### What the task asks:
Your copy should match the records below exactly, except for the pictures.

### Stored data:
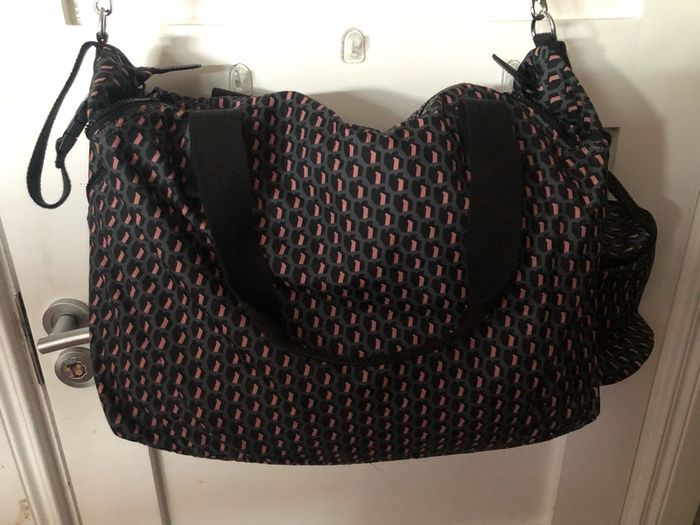 Kipling Art M Baby Bag with changing mat, bottle holder, pacifier case
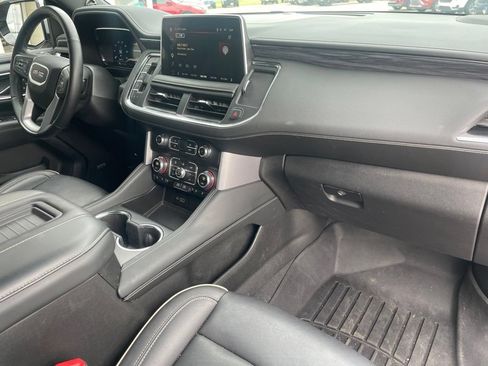 Used 2024 GMC Yukon SLT w/ SLT Luxury Package AWD/4WD image 21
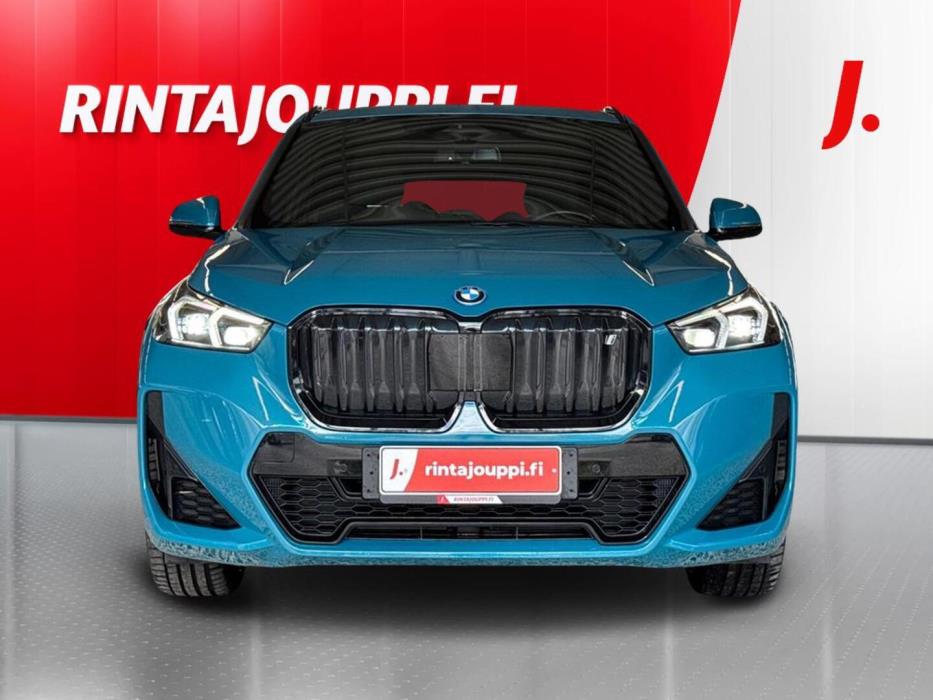 BMW iX1 2023
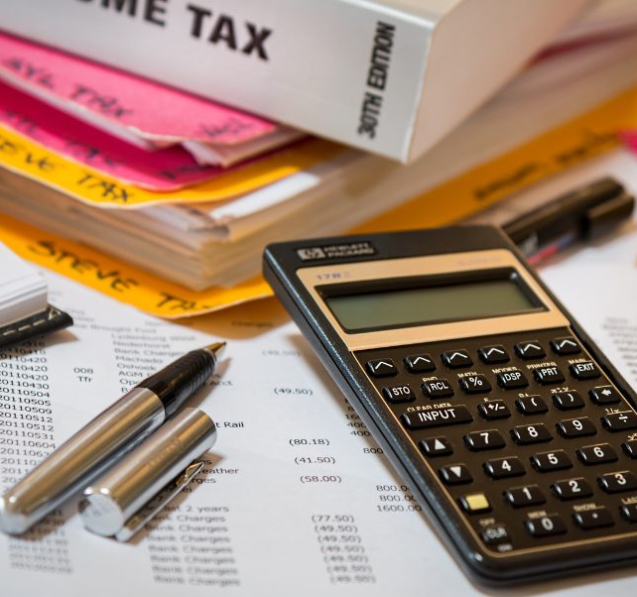 ACCOUNTING & BOOKKEEPING (916 x 612 px) (917 x 602 px) (2)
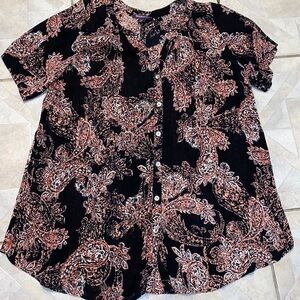 a womens Roamans casual short sleeve button front plus size blouse 16W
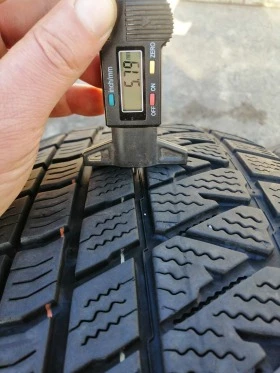 Гуми Зимни 255/70R16, снимка 7
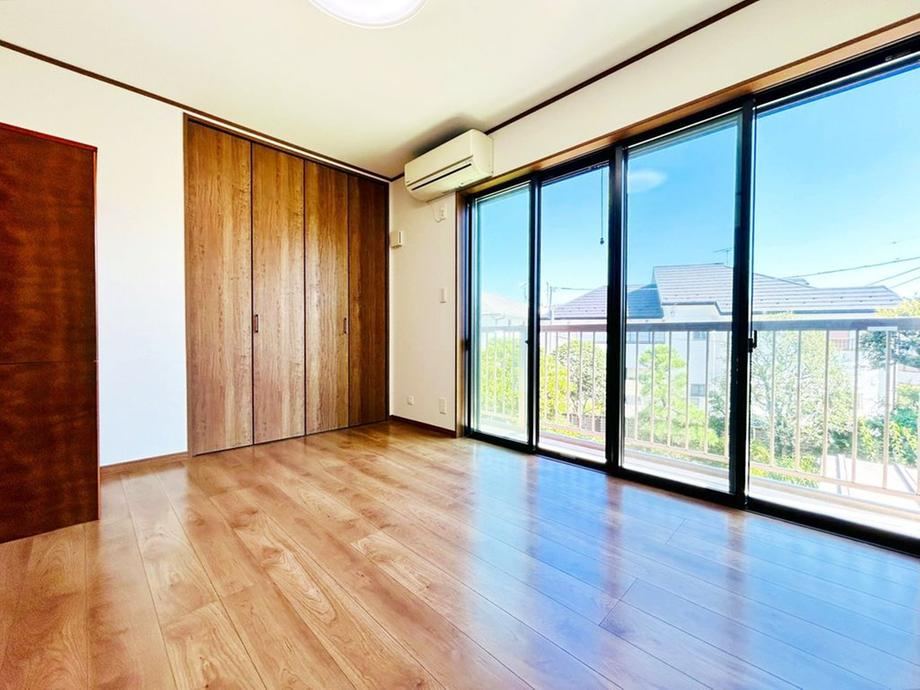 7DK+S house in Itabashi Ward, Tokyo - Photo 1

### Answer to this problem:
 Kipling Art M Baby Bag with changing mat, bottle holder, pacifier case
 Used 2024 GMC Yukon SLT w/ SLT Luxury Package AWD/4WD image 21
 BMW iX1 2023
 ACCOUNTING & BOOKKEEPING (916 x 612 px) (917 x 602 px) (2)
 a womens Roamans casual short sleeve button front plus size blouse 16W
 Гуми Зимни 255/70R16, снимка 7
 7DK+S house in Itabashi Ward, Tokyo - Photo 1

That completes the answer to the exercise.